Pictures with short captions
______________________________

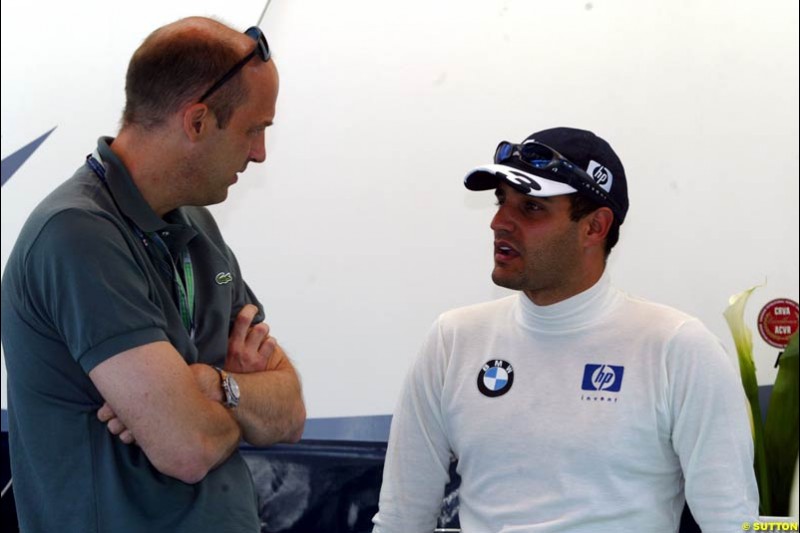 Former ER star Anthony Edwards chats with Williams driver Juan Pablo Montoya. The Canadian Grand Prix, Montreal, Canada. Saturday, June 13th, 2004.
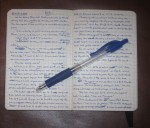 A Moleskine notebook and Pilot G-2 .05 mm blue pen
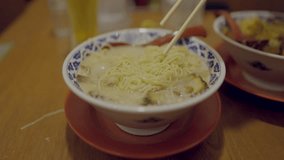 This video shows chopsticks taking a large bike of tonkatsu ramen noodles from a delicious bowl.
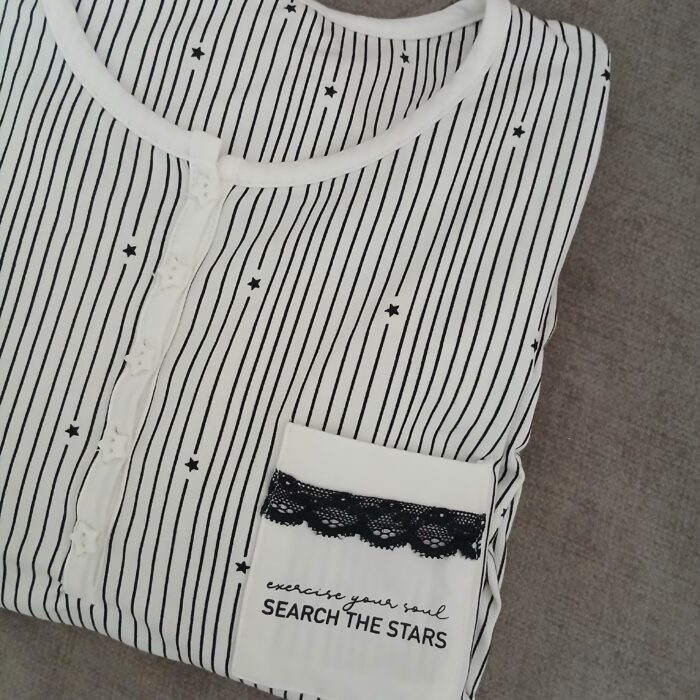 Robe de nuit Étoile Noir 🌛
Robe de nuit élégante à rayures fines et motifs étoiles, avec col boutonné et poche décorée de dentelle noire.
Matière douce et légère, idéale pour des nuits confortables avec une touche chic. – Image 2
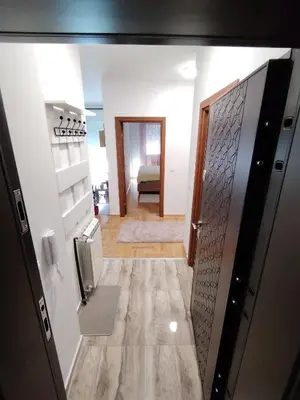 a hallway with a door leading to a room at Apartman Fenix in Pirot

______________________________

Write the records out again exactly as shown above, keeping no pictures.

 Former ER star Anthony Edwards chats with Williams driver Juan Pablo Montoya. The Canadian Grand Prix, Montreal, Canada. Saturday, June 13th, 2004.
 A Moleskine notebook and Pilot G-2 .05 mm blue pen
 This video shows chopsticks taking a large bike of tonkatsu ramen noodles from a delicious bowl.
 Robe de nuit Étoile Noir 🌛
Robe de nuit élégante à rayures fines et motifs étoiles, avec col boutonné et poche décorée de dentelle noire.
Matière douce et légère, idéale pour des nuits confortables avec une touche chic. – Image 2
 a hallway with a door leading to a room at Apartman Fenix in Pirot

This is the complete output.